D'autre part, la Confédération devrait créer des emplois civils en consacrant une partie des économies réalisées sur les dépenses militaires à des programmes d'investissements et à des mesures de reconversion destinés aux exploitations touchées. Les auteurs de l'initiative citent, à titre d'exemple, la possibilité pour les entreprises d'armement de se spécialiser dans l'élimination des réfrigérateurs, la production de disques d'embrayage pour automobiles, la fabrication de composants pour Airbus ou le recyclage de batteries. Il s'agit en l'occurrence d'exemples qui correspondent en partie à ce que la RUAG Suisse SA fait déjà pour faire face à la diminution des besoins en matière d'armement.

4471

3.4

Conséquences juridiques de l'initiative

L'acceptation de l'initiative conduirait à la dissolution totale des effectifs de l'armée et à l'affection de ses appareils et installations à un usage civil, voir à leur destruction dans les dix ans suivant l'acceptation des dispositions constitutionnelles.

L'obligation de servir et par conséquent le service civil de remplacement deviendraient caducs.

Les dispositions constitutionnelles proposées s'adressent à la Confédération ellemême, et leur portée juridique est suffisamment claire. En cas d'acceptation, les dispositions relatives à l'interdiction d'entretenir des forces militaires armées seraient directement applicables. Une législation d'exécution serait par contre nécessaire en ce qui concerne la participation armée à des activités internationales en faveur de la paix, le transfert aux autorités civiles des tâches assumées auparavant par l'armée ainsi qu'en ce qui concerne les mesures de reconversion et de restructuration. En outre, les bases légales qui concernent exclusivement le domaine militaire, ainsi que celles qui leur sont objectivement liées, devraient être abrogées (loi fédérale sur l'armée et l'administration militaire, loi sur le service civil, loi fédérale sur la taxe d'exemption de l'obligation de servir, etc.).

4

Le rôle de l'armée dans la politique de sécurité de la Suisse

Le 7 juin 1999, le Conseil fédéral a approuvé le nouveau rapport sur la politique de sécurité de la Suisse (RAPOLSEC 2000) et l'a transmis au Parlement (FF 1999 6903). Ce rapport expose de manière complète la politique de sécurité de la Suisse et le rôle qu'y joue l'armée. L'Assemblée fédérale en a pris favorablement acte (Conseil national: 10 décembre 1999; Conseil des Etats: 21 mars 2000).

4.1

Intérêts et buts de la politique de sécurité de la Suisse

Selon l'art. 2 de la Constitution fédérale, la Confédération suisse protège la liberté et les droits du peuple et elle assure l'indépendance et la sécurité du pays. Elle favorise la prospérité commune, le développement durable, la cohésion interne et la diversité culturelle du pays. Elle veille à garantir entre les citoyennes et citoyens une égalité des chances aussi grande que possible. Elle s'engage en faveur de la conservation durable des bases d'existence naturelles et en faveur d'un ordre international juste et pacifique.

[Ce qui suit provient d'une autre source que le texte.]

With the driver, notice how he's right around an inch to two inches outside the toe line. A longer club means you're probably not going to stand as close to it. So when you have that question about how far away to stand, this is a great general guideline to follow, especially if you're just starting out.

Nos propres intérêts sont déterminants pour l'orientation et la conception de la politique de sécurité de la Suisse. Il s'agit de garantir les valeurs démocratiques et la paix en Europe ainsi que la stabilité dans l'environnement qui représente une importance stratégique pour notre pays, d'éviter autant que possible le recours à la violence de part et d'autre de nos frontières, de sauvegarder les conditions d'existence de la population, en assurant le fonctionnement des systèmes vitaux à l'intérieur du pays, en Europe et dans le monde.

Ces intérêts et le mandat constitutionnel se traduisent, en matière de politique de sécurité, par les objectifs suivants:

4472

Nous voulons pouvoir décider librement de nos propres affaires à l'intérieur du pays comme à l'égard de l'étranger, sans en être empêchés par la menace ou le recours à la violence directe ou indirecte.

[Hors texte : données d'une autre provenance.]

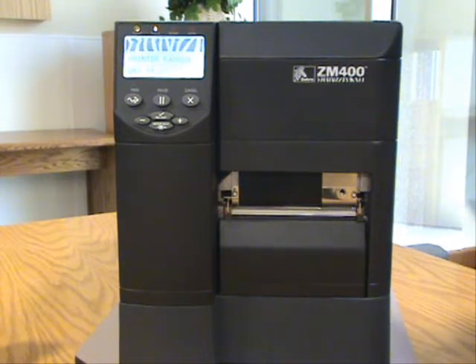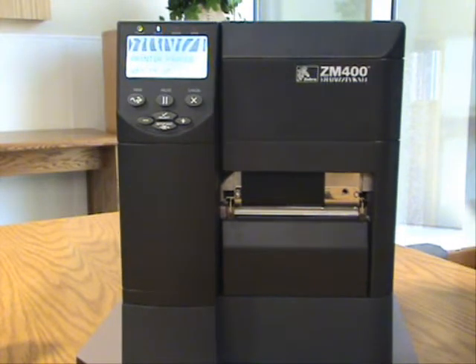So what we generally suggest when starting any type of mode of calibrating labels and testing a printer is setting that back to factory defaults.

Nous voulons assurer, en situation normale, une indépendance et une liberté d'action aussi larges que possibles, par des moyens politiques. Les engagements internationaux que nous prenons librement sont tout à fait admissibles si, après une évaluation approfondie et démocratique, nous acquérons la conviction qu'ils servent les intérêts du peuple et de l'Etat. Cependant, il est exclu que nous abandonnions notre droit de décider nous-mêmes de nos propres affaires sous l'exercice d'une pression ou d'une contrainte. Si la Suisse ou ses institutions démocratiques sont directement ou indirectement menacées ou victimes de violence, nous défendrons l'intégrité de notre territoire et nos autres intérêts politiques par tous les moyens dont nous disposons.

Nous voulons préserver et protéger notre population et ses conditions d'existence contre les dangers existentiels.

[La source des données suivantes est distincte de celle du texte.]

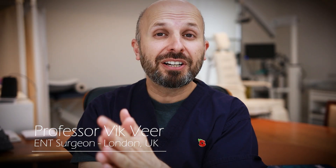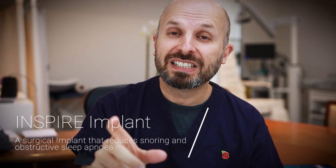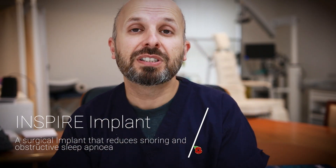Hi there, I'm Dick, the ENT surgeon. I want to do a very quick video about the Inspire implant. I've had a patient recently who had an Inspire implant put in because of his obstructive sleep apnea, and what I want to do is show you what it looks like inside his throat when the machine is turned on.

D'une part, il s'agit de préserver la population d'une importante détresse, due notamment à des catastrophes naturelles ou anthropiques, et de lui garantir aide et assistance en pareilles situations. D'autre part, les conditions d'existence de la population doivent être protégées à long terme. Il s'agit de l'approvisionnement en denrées alimentaires, en énergie et en matières premières, du bon fonctionnement d'une économie vouée au bien-être de toute la population, de l'accès sans discrimination aux marchés internationaux, ainsi que d'une infrastructure et d'un environnement nationaux et transfrontaliers intacts. La conservation et la protection de ces conditions d'existence relèvent essentiellement d'autres domaines politiques (p. ex.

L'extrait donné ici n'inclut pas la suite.